O que mais surpreende na entrevista que o deputado Jair Bolsonaro deu pro CQC e na nota de explicação publicada a seguir é a naturalidade com que ele disse as coisas que disse. Ele não achava que estava falando nenhum absurdo quando fazia comentários machistas ou homofóbicos. Isso mostra o tamanho do desafio que a gente tem pela frente, que é o de enfrentar distorções culturais arraigadas na nossa sociedade.

Assim como a violência contra a mulher, fruto de uma cultura paternalista que coloca o homem em posição superior à mulher na sociedade, o mesmo tipo de influência cultural faz com que sejamos racistas, com que desprezemos os relacionamentos entre pessoas do mesmo sexo. Por quê? De que forma essas relações nos prejudicam, nos afetam negativamente? Por que a gente não pode entender o outro como um igual? Por que a gente não pode respeitar as decisões do outro?
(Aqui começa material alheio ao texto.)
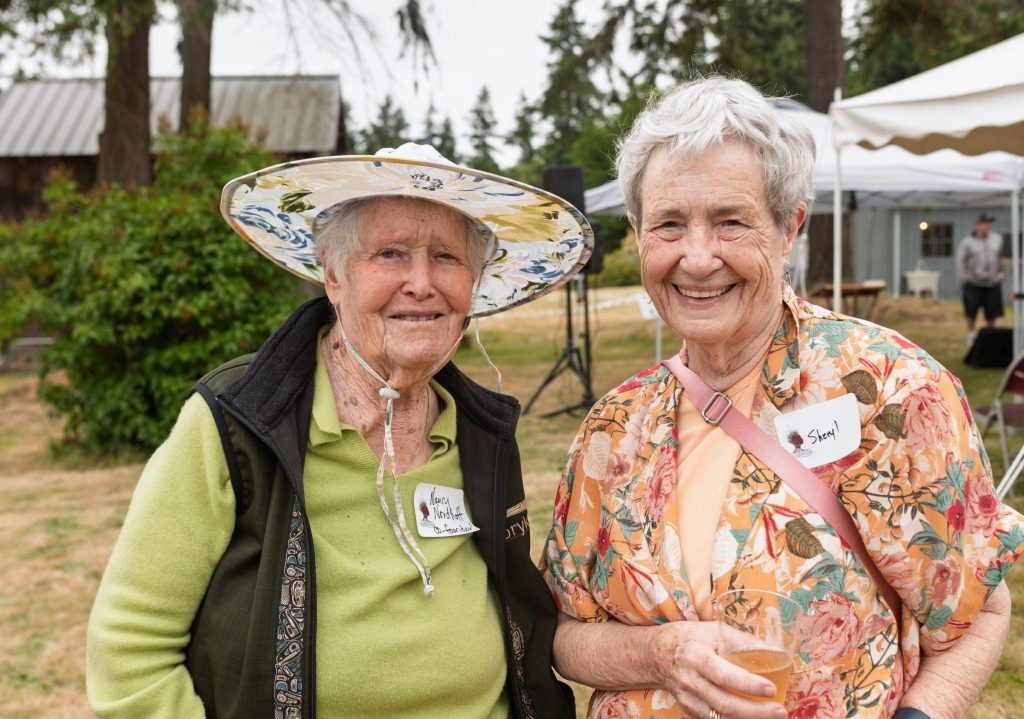 Two elderly women outdoors at a casual gathering, one wearing a wide-brimmed floral hat and green sweater, the other in a colorful floral blouse holding a drink.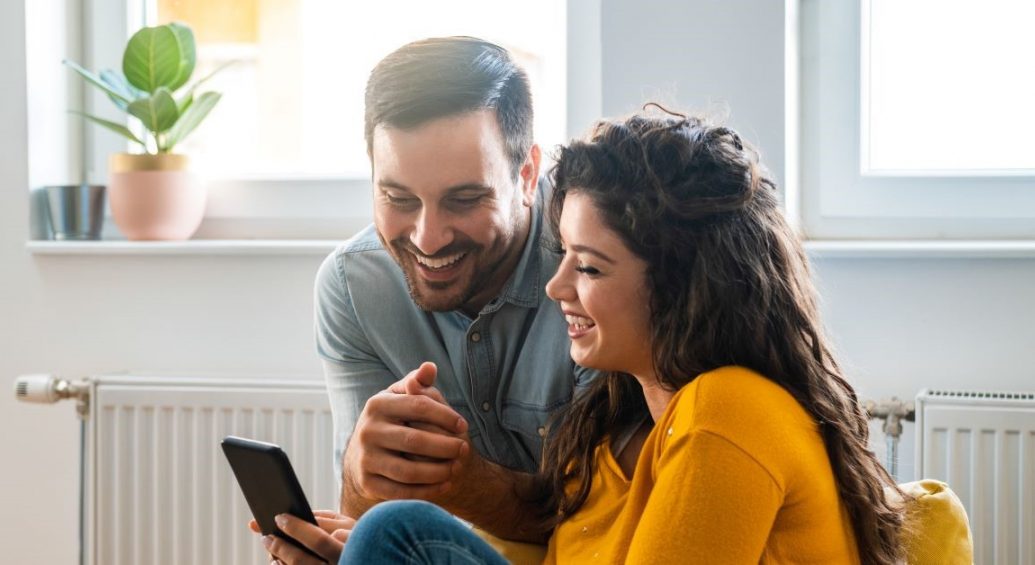 Young couple viewing and entering data on mobile phone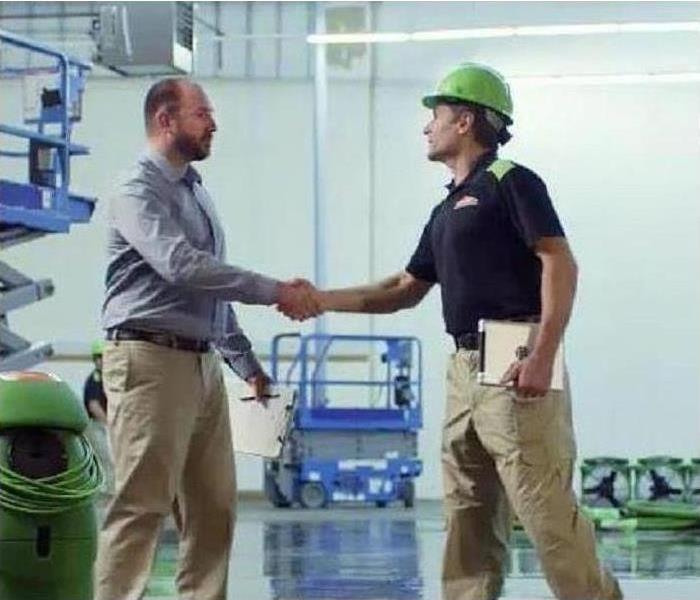man shaking another mans hand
Assim como um tem olhos escuros e outro olhos azuis, um é branco e outro é negro.

É uma cultura forte que vem de séculos, por conta da influência religiosa, da escravidão, da disputa entre nações e outros fatores. O que explica, mas de forma alguma justifica. Não há explicação que justifique esse ódio, essa discriminação, esse preconceito tão grande.

Mudar isso, transformar a cultura, é muito complicado, um desafio enorme. Mas que está posto e que temos que enfrentar em nome de uma justa. Em nome de mais igualdade, dos direitos humanos, dos direitos de cada cidadão. Porque não há lugar algum que diga que um ser humano é superior é outro pela sua cor, pela sua orientação sexual, pelo seu gênero.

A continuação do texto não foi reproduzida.